Percyvall Hart Dyke (1872–1952), grandson of Reverend Thomas Hart Dyke, second son of the 5th Baronet, was a Colonel in the Indian Army. His son Trevor Hart Dyke was a Brigadier in the Queen's Royal Regiment. David Hart Dyke (b. 1938), son of Reverend Eric Hart Dyke, son of the aforementioned Colonel Percyvall Hart Dyke, is a retired Captain in the Royal Navy and commanded during the Falklands War. His daughter Miranda Hart is a writer, comedian, and actress.

==Dyke family==
The Dyke family originated at Dykesfield, Cumberland and branches later settled at Henfield in Sussex and at Cranbrook in Kent. Reginald de Dike of Cranbrook was Sheriff of Kent in 1355. Thomas Dyke (d.1632) of Cranbrook married Joan Walsh, heiress of the manor of Horeham in the parish of Waldron in Sussex, which thus passed to the Dykes.

===Somerset branch===
Another prominent branch of the Dyke family, which uses the same arms, was a major landholder in Somerset in the 17th and 18th centuries, with branches seated at Tetton, Holnicote and Pixton. The heiress of all these branches was Elizabeth Dyke (d.1753), daughter of Thomas Dyke of Tetton, who married Sir Thomas Dyke Acland, 7th Baronet (1722-1785), of Killerton in Devon and Petherton Park in Somerset, who in accordance with the terms of his wife's "princely inheritance" adopted the additional surname of Dyke.

==Present day==

In 2015 the holder of the title was the 10th Baronet, who lives in Canada, and who in 2008 stood in the 40th Canadian General Election as the Green Party candidate for Hamilton East—Stoney Creek, Ontario. He is unmarried and the heir presumptive to the baronetcy is his first cousin Tom Hart Dyke.

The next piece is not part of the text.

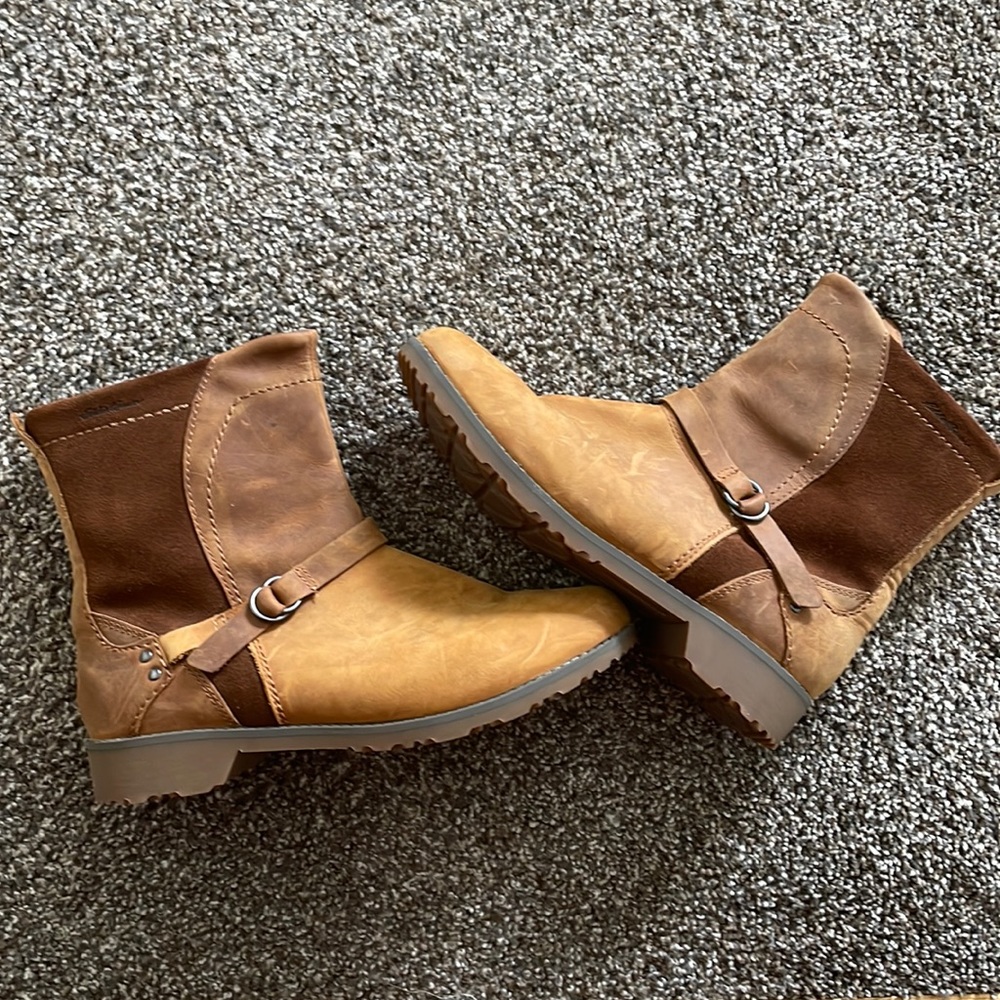 EUC Eddie Bauer Waterproof Leather Boots 10/40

==Dyke baronets, of Horeham, Sussex (1677)==
- Sir Thomas Dyke, 1st Baronet (c. 1650–1706)
- Sir Thomas Dyke, 2nd Baronet (c. 1700–1756)
- Sir John Dixon Dyke, 3rd Baronet (1732–1810)
- Sir Thomas Dyke, 4th Baronet (1763–1831)
- Sir Percival Hart Dyke, 5th Baronet (1767–1846)
- Sir Percyvall Hart Dyke, 6th Baronet (1799–1875)
  - Lieutenant Percyvall Hart Dyke (1836–1855)
- Sir William Hart Dyke, 7th Baronet (1837–1931)
  - Percyvall Hart Dyke (1871–1922)
  - William Montagu Hart Dyke (1877–1877)
- Sir Oliver Hamilton Augustus Hart Dyke, 8th Baronet (1885–1969)
- Sir Derek William Hart Dyke, 9th Baronet (1924–1987), son.
- Sir David William Hart Dyke, 10th Baronet (born 1955), son.

The heir presumptive to the baronetcy is Thomas Guy Hart Dyke (born 1976), first cousin of the 10th baronet and grandson of the eighth baronet.